Each of the photographers has a reverential attitude towards the power of images and the capturing of moments. And this is enhanced throughout Frame by Frame as some of Najibullah’s lectures on how to ‘see’ through photography and how to read images are edited throughout the narrative. This gives the viewer an extra appreciation for the pictures on screen – we are present as the photographers take their images, and then we are told how to decode them.
|Picture sourced from The Guardian|
The most famous picture being Massoud’s 2012 Pulitzer image of a bombing that killed a number of children during the Islamic celebration of Ashura. Massoud just happened to be present during the terrible explosion and had to decide between running for cover or staying and documenting the mayhem – and it was this dedication to journalism that got him recognised for the prize. Yet, the work of Walik in rural areas documenting the impoverished citizens being registered for their first ever elections, or Farzana’s work with women who have been terribly abused by their husbands under the Taliban regime, are both equally as insightful and important.
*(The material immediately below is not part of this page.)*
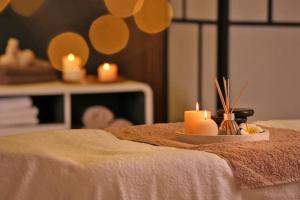 a table with candles on top of a table at SAKURAHANA VILLA AND AYURVEDA in Aluthgama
Yet for all of the harrowing, newsworthy images of terrorism and appalling violence that Western viewers are used to seeing of Afghanistan, directors Alexandria Bomback and Mo Scarpelli also reflect the middle class comforts of the country. Just like every other urban couple around the world, Farzana and Massoud still have go shopping for energy drinks and a dizzying amount of hair products before deciding between Blu-Rays of The Hangover part 2 or Oz: The Great and Powerful…
The Afghan’s, after the Taliban’s photography ban, are now using photography to capture the state of the country and their cultural identity – from beautiful images of the landscapes, to the uncomfortable epidemic of heroin addicts in the streets. Scarpelli and Bomback’s film is a celebration of ‘now’, those decisive moments captured through film. And the hope that those moments lean more towards expressions of joy than explosions of violence.